### Required action
Your copy of the lines below must match them exactly and contain no images.

### Data segment
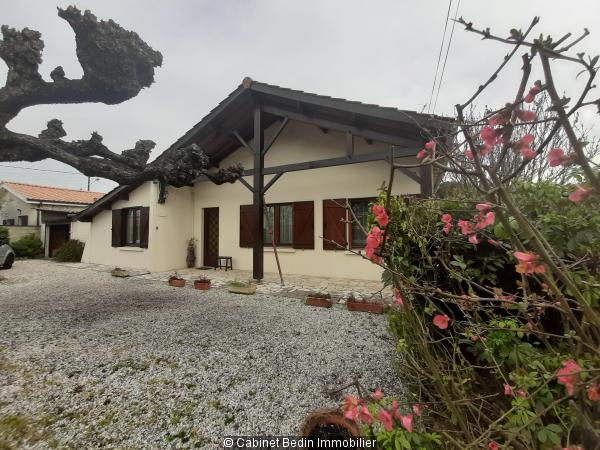 Vente Maison T5 Villenave D Ornon 2 chambres
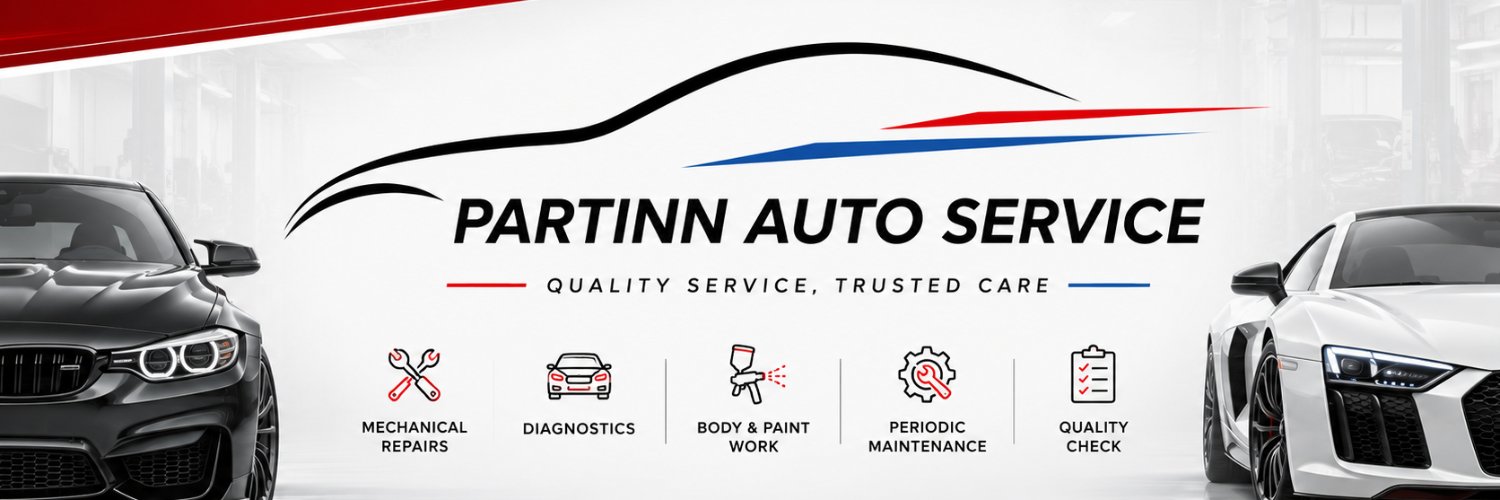 PartinnAuto's profile banner image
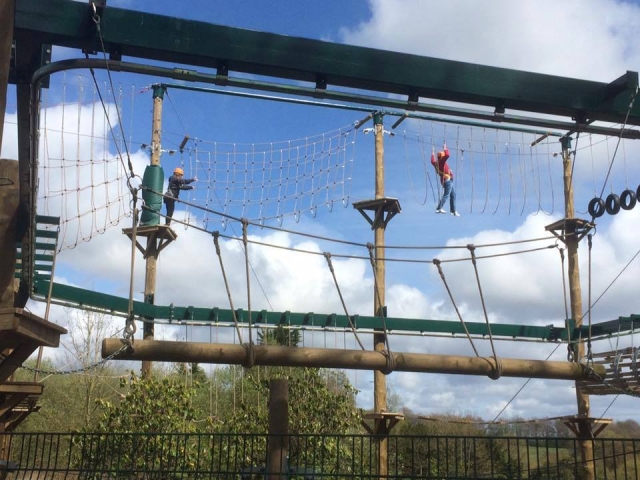  ¡Mejore sus habilidades! 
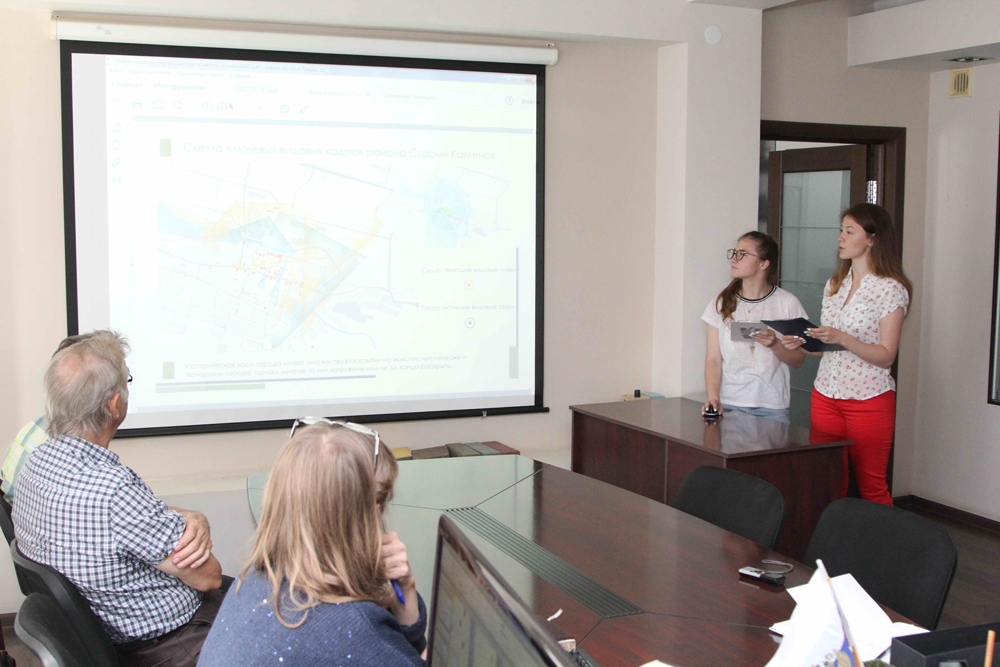 «Новые смыслы старого центра. Каменск-Уральский ─ это место, в которое хочется вернуться»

### Answer area
 Vente Maison T5 Villenave D Ornon 2 chambres
 PartinnAuto's profile banner image
  ¡Mejore sus habilidades! 
 «Новые смыслы старого центра. Каменск-Уральский ─ это место, в которое хочется вернуться»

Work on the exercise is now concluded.